# Oct. '92 CA&E Amp Shootout



## rmenergy (Feb 15, 2009)

Who happens to have the results of this issues amp shootout? Specifically, I'm interested in the PA700 results.

Thanks.


----------



## rmenergy (Feb 15, 2009)

Nobody has this issue? 

Does anyone have a 95-98 CA&E Directory? Curious about an amplifier listed in there.

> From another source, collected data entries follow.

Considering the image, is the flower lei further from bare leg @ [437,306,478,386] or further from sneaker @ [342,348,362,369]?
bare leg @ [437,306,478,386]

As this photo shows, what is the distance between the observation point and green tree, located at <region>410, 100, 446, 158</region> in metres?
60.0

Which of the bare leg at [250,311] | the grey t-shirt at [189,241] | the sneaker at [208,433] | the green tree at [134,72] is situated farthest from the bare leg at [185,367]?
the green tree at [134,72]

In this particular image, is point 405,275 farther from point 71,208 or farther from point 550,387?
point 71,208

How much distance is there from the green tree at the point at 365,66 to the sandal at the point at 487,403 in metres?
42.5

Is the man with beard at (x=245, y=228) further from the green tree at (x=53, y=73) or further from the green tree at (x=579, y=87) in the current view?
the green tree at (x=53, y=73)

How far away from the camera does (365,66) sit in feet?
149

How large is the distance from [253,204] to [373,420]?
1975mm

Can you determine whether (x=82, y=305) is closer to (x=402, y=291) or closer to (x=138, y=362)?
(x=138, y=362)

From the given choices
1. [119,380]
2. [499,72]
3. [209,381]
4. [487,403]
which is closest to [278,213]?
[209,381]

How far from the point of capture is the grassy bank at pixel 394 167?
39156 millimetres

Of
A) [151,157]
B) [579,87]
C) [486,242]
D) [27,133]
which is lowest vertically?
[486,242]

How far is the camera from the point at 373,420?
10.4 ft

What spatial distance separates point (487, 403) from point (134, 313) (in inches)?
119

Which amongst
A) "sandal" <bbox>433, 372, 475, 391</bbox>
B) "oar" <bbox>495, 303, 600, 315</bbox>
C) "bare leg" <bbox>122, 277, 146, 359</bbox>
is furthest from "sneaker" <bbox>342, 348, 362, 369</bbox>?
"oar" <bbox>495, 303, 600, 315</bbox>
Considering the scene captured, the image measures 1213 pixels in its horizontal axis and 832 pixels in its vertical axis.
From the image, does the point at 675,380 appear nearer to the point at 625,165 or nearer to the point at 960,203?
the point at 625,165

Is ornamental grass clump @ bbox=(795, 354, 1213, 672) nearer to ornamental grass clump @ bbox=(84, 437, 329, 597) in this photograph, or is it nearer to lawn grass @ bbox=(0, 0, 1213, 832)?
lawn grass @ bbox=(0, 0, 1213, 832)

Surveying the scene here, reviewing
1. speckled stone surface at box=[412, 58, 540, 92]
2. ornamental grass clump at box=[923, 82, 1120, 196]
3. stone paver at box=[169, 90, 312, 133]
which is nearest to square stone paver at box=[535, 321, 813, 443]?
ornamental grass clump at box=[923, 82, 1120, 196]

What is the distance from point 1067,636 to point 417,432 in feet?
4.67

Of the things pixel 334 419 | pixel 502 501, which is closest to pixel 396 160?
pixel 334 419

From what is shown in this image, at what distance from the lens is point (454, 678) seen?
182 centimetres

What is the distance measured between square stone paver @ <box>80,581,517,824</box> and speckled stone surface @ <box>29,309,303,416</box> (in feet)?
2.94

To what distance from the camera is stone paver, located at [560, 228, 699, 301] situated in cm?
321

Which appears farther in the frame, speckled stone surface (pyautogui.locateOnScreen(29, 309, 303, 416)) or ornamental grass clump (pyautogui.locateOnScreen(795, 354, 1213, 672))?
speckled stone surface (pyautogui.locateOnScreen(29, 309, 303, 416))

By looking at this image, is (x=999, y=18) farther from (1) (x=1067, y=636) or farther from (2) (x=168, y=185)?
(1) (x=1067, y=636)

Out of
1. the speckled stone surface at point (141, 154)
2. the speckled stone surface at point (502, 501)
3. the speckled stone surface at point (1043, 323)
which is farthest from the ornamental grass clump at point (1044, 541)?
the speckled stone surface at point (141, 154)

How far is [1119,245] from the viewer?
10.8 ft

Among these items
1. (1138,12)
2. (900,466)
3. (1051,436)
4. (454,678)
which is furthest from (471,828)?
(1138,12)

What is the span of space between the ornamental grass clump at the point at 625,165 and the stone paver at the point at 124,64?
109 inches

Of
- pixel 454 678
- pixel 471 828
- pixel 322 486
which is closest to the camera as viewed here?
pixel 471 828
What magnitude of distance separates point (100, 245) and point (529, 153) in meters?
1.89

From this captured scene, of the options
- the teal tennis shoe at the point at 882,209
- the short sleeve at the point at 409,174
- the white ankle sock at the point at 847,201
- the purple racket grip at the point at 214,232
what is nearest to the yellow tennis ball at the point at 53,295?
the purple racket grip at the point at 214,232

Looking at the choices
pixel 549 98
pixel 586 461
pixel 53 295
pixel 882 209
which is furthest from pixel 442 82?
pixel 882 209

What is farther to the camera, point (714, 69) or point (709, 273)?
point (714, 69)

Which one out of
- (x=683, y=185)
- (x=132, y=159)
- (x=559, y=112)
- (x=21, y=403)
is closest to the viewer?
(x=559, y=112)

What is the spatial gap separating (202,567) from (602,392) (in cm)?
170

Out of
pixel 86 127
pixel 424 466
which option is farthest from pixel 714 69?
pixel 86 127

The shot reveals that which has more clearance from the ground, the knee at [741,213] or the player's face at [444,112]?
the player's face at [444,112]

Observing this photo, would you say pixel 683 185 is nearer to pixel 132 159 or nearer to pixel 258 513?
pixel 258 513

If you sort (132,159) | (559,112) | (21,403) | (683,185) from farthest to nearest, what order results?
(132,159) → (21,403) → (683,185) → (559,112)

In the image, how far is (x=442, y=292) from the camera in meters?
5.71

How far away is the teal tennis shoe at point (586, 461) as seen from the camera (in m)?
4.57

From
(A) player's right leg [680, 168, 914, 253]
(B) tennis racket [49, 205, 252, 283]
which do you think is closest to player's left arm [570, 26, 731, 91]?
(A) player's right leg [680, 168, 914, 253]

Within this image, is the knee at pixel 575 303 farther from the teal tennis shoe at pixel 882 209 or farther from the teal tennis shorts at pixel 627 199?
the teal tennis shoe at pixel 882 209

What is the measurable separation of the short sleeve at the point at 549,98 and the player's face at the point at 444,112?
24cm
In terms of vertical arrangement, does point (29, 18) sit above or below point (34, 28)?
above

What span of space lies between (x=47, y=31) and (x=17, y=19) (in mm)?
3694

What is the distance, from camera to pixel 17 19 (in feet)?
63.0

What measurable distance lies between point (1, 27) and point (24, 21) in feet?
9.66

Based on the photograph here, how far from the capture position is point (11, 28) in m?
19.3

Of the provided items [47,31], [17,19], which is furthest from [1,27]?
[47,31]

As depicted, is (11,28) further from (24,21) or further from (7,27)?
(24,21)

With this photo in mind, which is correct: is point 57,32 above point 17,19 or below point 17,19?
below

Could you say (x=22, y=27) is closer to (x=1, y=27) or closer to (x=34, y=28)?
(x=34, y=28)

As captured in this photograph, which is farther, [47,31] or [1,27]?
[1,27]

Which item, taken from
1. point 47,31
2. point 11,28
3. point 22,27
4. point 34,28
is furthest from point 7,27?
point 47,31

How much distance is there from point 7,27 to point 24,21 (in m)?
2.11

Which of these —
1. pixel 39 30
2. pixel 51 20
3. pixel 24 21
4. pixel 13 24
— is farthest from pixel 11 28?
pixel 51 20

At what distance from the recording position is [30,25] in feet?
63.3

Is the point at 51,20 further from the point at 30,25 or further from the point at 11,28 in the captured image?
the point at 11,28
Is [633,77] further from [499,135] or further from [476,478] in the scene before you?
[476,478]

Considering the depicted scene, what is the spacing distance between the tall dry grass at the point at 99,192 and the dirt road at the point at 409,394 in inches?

Unfortunately I got rid of all my old audio magazines back in '07 so need to ask on here.


----------



## metanium (Feb 2, 2007)

You might try to contact Euphonic on caraudiojunkies.com.

He post the installations articles and has this one from that issue:
Rodney Fouch - 1989 Pontiac Grand Prix - 1992 CA&E


----------



## rmenergy (Feb 15, 2009)

metanium said:


> You might try to contact Euphonic on caraudiojunkies.com.
> 
> He post the installations articles and has this one from that issue:
> Rodney Fouch - 1989 Pontiac Grand Prix - 1992 CA&E


Perfect! Thank you.


----------



## dcfis (Sep 9, 2016)

Weird that article goes on and on about the Alpine midbass and they are clearly dynaudio


----------



## metanium (Feb 2, 2007)

dcfis said:


> Weird that article goes on and on about the Alpine midbass and they are clearly dynaudio


I think they’re Alpines that we’re made by Dynaudio. Not unlike the Alpine F1 tweeters that were made by Scan-Speak.


----------



## metanium (Feb 2, 2007)

Here's the amp shootout from Oct '92:

Car Audio & Electronics - Test Report: 7 Versatile Amplifiers October 1992


----------



## PPI_GUY (Dec 20, 2007)

Was that Earthquake PA-2075 one of the Hifonics/Zed copies? I know there was a dustup at the time over Earthquake supposedly having the Hifonics amps (Zed made) reverse engineered in Korea or China. 
Those US Amps and Rodeks though. Very solid amps at that time. 
Hafler with surprising efficiency for the day too.


----------



## rmenergy (Feb 15, 2009)

metanium said:


> Here's the amp shootout from Oct '92:
> 
> Car Audio & Electronics - Test Report: 7 Versatile Amplifiers October 1992


Perfect!!! Thank You!!!


----------